『心身一如(しんしんいつじょ);心と身体は繋がっている!』
前回の「よもやま話」で、『中医学のベースになっている概念』についてお話させて頂きました。
今日は「その6」『心身一如;心と身体は繋がっている!』という事例についてお伝えしようと思います。
私達の生活の中で、例えば職場での人間関係のもつれや家族とのいさかいなどで、ストレスを感じる時、とても憂鬱になりますよね。そしてその憂鬱が長い間続くと、胃が痛くなったり、はたまた怒りを抱えて生活していると、肝臓を傷めたり、ふつふつとした怒りが何年間も続くとやがては腎を傷めたり・・・と、心の問題が身体に出てきますよね!
それは人間ばかりではなくて、動物たちもおんなじなんです。
今回、飼い主さまご了承の元、典型的な例を三例、掲載させて頂くことにしました。
⦿ 以前も掲載させて頂いたことのある、Tソラちゃん
前回は、大好きなお母さんの体調一つで、尾っぽの腫瘍が大きくなったり小さくなったりする事を書かせて頂きました。
実はこの春、睾丸にも腫瘍ができていて、大きくなっていた事に気付きました。
ですが心臓が悪い為、いろいろ悩まれた末、手術しないで鍼灸治療で良い状態を保ちたいとおっしゃいました。
ソラちゃんは、お母さんがいらっしゃる時は常に元気で食欲もあるんですが、大好きなお母さんが数日ご旅行に出かけたりすると、鍼灸治療をしていても腫瘍が大きくなってしまいます。そしてお母さんがお帰りになるとまた小さくなるんです。それを何回も繰り返しているんですね!!正しく心の状態と身体は繋がっているんですね・・。
⦿ Tルーシーちゃん
口腔内腫瘍で、二年前から通って頂いています。
鍼灸治療の他、手作りご飯とご自宅でお灸をして頂いています。
約二年ほど、腫瘍はさほど大きくならずに同じ大きさを保っていました。
ですが、この夏ご自宅をリフォームすることになり、数か月間ご親戚のマンションを間借りすることになりました。
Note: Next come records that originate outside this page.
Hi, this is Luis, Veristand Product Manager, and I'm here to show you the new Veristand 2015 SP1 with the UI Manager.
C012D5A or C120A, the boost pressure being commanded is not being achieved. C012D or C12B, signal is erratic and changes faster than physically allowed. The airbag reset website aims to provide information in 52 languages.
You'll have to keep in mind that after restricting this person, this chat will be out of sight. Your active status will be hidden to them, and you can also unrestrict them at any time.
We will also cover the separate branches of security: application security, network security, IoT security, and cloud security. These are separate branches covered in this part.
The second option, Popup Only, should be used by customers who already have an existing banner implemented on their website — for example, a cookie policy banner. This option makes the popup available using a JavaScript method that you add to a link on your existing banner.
そのマンションのワンちゃんが、ルーシーちゃんんとお友達になれなくて、事あるごとにルーシーちゃんに吠えていたらしく、慣れないマンションとその子の鳴き声でルーシーちゃんはかなり小さくなっていて、毎日の眠りも浅いとのことでした。
間借りしてから、二か月めのある日、口の中の腫瘍を見て一同びっくり!!
なんと・・・かなり大きくなっているではありませんか~・・・!!
やっと先日、元のお家に戻れましたので、これから腫瘍が小さくなってくれると良いんですが・・。
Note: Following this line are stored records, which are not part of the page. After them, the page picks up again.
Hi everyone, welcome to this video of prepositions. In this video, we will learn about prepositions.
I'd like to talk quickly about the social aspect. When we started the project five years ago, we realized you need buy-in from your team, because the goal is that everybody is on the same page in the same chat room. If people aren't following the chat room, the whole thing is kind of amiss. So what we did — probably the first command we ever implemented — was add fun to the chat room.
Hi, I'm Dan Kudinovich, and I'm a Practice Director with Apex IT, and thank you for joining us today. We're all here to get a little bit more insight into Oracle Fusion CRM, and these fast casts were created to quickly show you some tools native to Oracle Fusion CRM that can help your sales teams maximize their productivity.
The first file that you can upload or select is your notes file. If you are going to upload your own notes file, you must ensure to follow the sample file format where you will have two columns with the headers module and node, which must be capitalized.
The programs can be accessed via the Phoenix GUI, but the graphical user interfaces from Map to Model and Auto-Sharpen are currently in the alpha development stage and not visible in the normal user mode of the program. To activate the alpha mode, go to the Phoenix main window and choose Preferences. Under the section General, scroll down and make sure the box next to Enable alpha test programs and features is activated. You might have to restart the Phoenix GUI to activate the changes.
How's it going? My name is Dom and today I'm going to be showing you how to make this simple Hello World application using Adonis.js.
とにかく飼い主さまと私の連携プレーで頑張りたいと思います。
⦿ Sももちゃん
もともと胃腸が弱く、ちょっとした事で、直ぐに下痢をしたり食欲不振になってしまう子でした。
鍼灸治療を続けていくうちに、軽いストレスでは下痢も食欲不振も起こさなくなって、Sさんも喜んでおられました。
が、そんな折、Sさんの友人が数日家を空けなくてはならない事になり、Sさんは人助けと思って、その方のワンちゃんを数日預かりました。
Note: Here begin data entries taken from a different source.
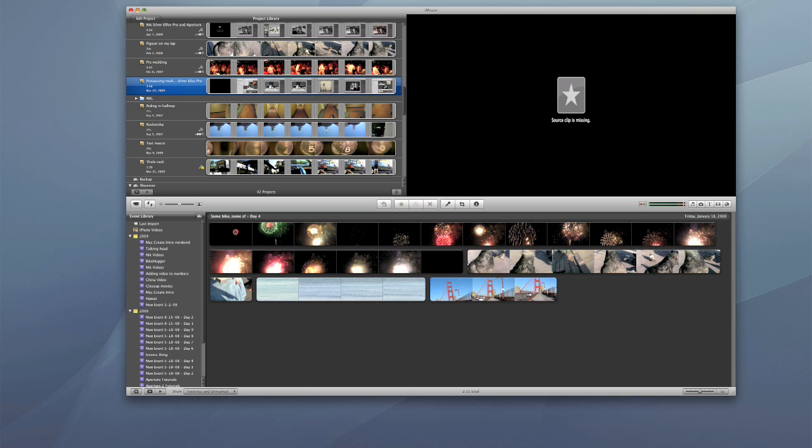A reader of our website asked the question of whether you can lay down an audio track before you add images or video in an iMovie project. So we're going to take a look at doing that.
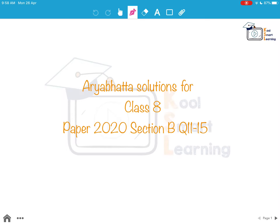Hello friends, in this session we are going to take up questions 11 to 15 of class 8 Aryabhatta paper 2020 section B.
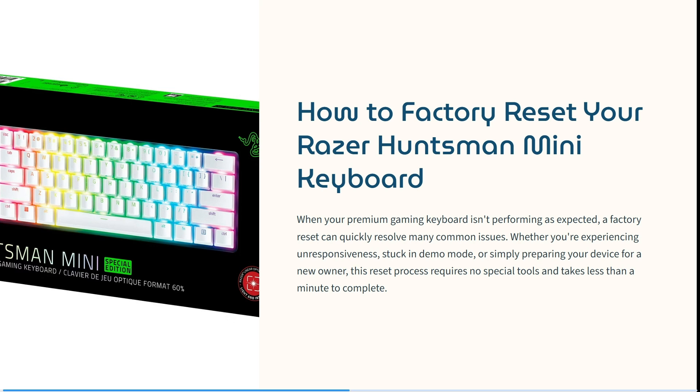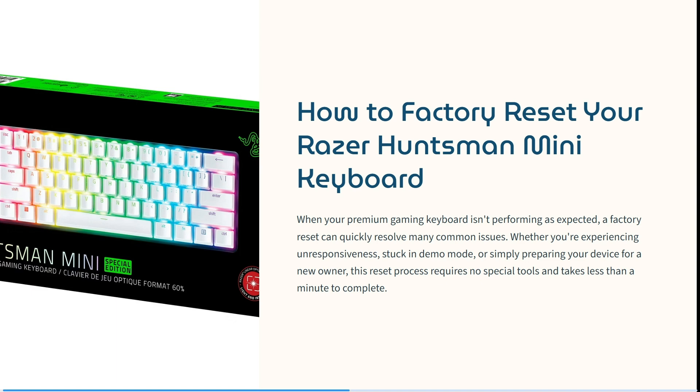If your premium gaming keyboard isn't performing as expected, a factory reset can quickly resolve many common issues. Whether you're experiencing unresponsiveness, stuck in demo mode, or simply preparing your device for a new owner, this reset process requires no special tools and takes less than a minute to complete.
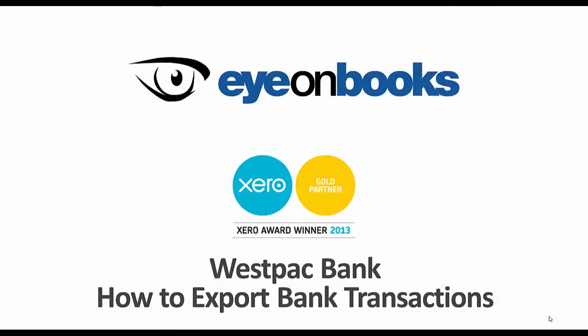Hello everyone, my name is Charles Galvana from Ion Books, Xero Bookkeeping Partner of the Year for Australia 2013-14.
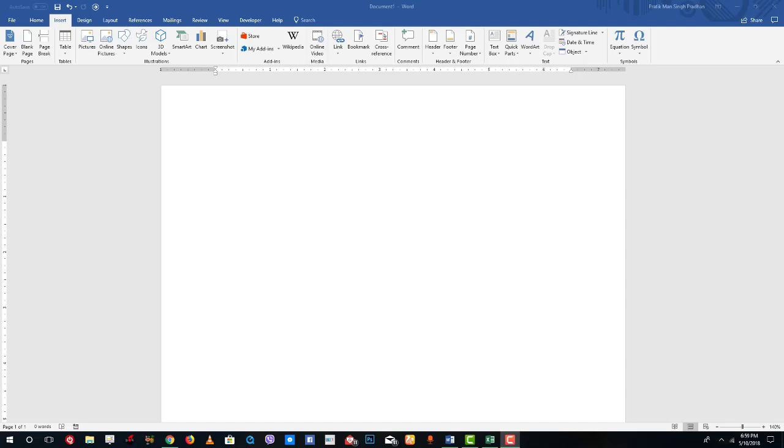Hello YouTube and welcome to lesson 56 of the Microsoft Word tutorial series. Today we're going to look at how to work with building blocks inside of Microsoft Word.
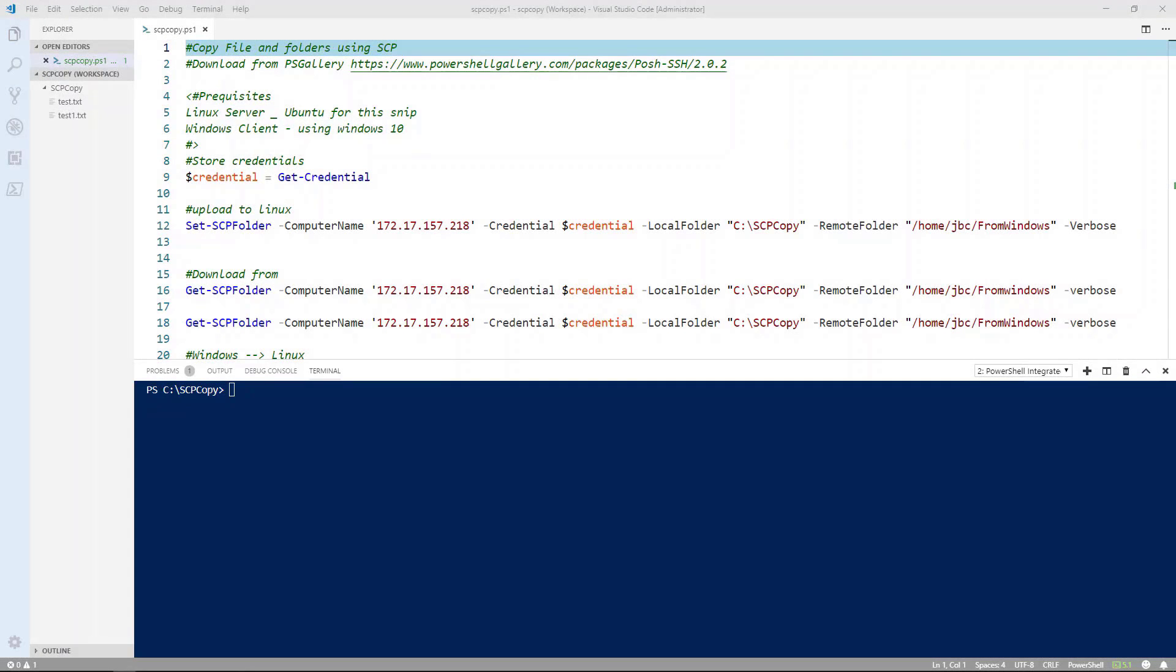So we're going to be working with a couple of cmdlets that are available in the posh.ssh module. I have provided a link up the top so that you can download it.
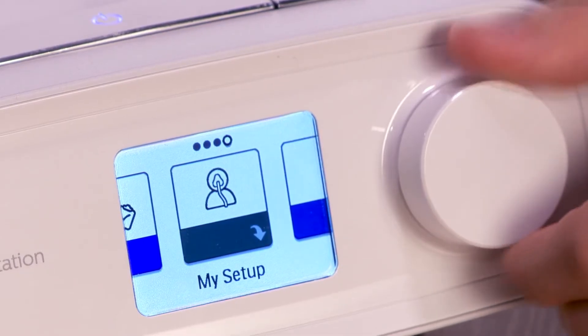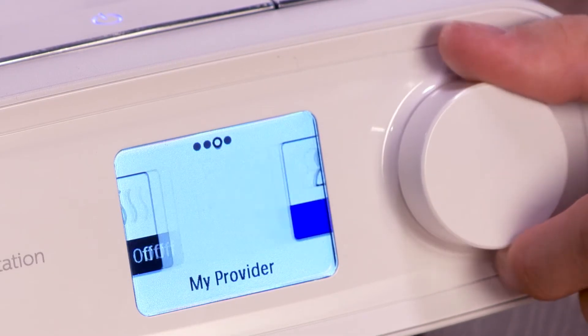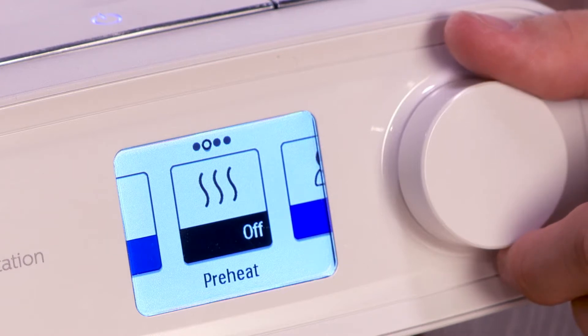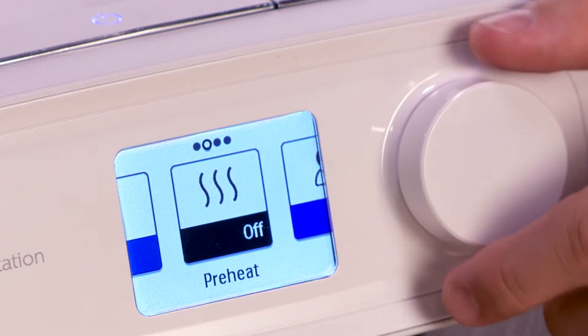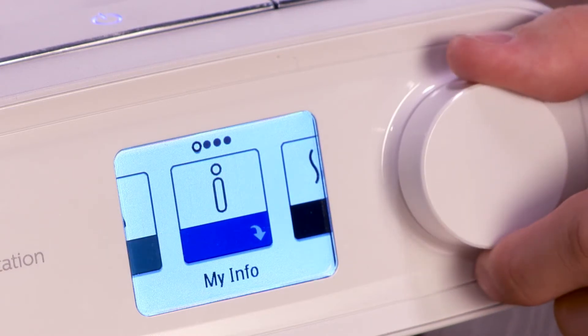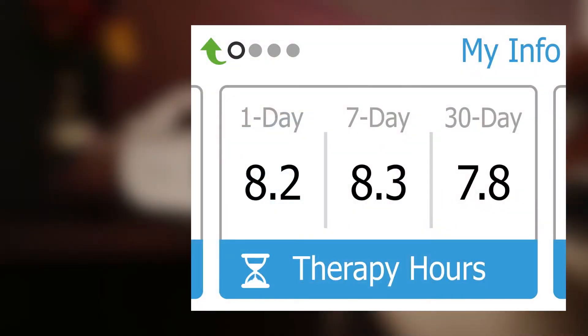Note that Preheat only displays when an optional humidifier is attached. Options with a down arrow have submenus or additional screens. To make a selection, press the control dial.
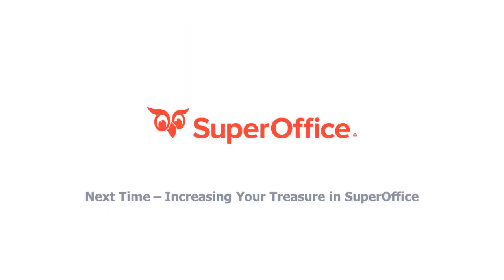Thank you for your time. We look forward to joining us for our next webinar focusing on increasing your treasure, where we show you how your sales team can utilize SuperOffice to increase sales and keep track of your forecasts.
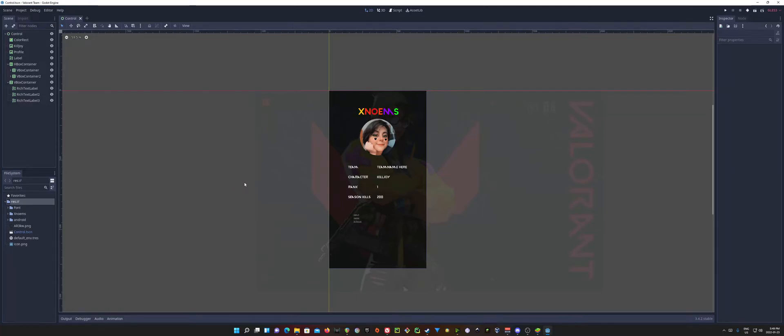Alright, welcome everyone. In this video, we're going to take a look at how to take your project and export it for Android.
一日、二日と・・時間の経過に伴なって、ももちゃんの便は柔らかくなっていったそうです。
そして、そのワンちゃんが帰って二日ほどして、ももちゃんの便は固まって、いつもの良い便になったそうです。
◇◇◇
※『心身一如;心と身体は繋がっている!!』ということは、中国では3千年前の古書『黄帝内経;こうていだいけい』という本に書いてあります。
西洋医学では、臓器は孤立した一つのパーツという見方を長い間してきました。そして「心と身体は繋がっていてお互いに影響しあっている。」という事を医療の中に積極的に取り入れるようになったのも、西洋医学の歴史上浅いのではないかと思います。
もちろんそれが故に、一つの臓器を一つのパーツとして、またミクロとして、臓器や細菌の研究を深くやってきたからこそ、現代西洋医学はここまで発展し、手術・薬品・検査がどんどん進み、多くの命を助けることが出来ていることは紛れもない事実だと思います。
中医学も西洋医学もどちらも優れた面を持っています。
ですので、手術が必要な場面は当然あるでしょうし、『薬膳』『気功・呼吸法』など、予防的な中医学の考えを取り入れて、病気にならない工夫をしながら、なんとか手術をしなくてもいい場面であれば、針治療、お灸、推拿(すいな;身体のツボや経絡を指や手で刺激して病気を改善する方法)など、身体に優しい治療を取り入れるのもお勧めですよ!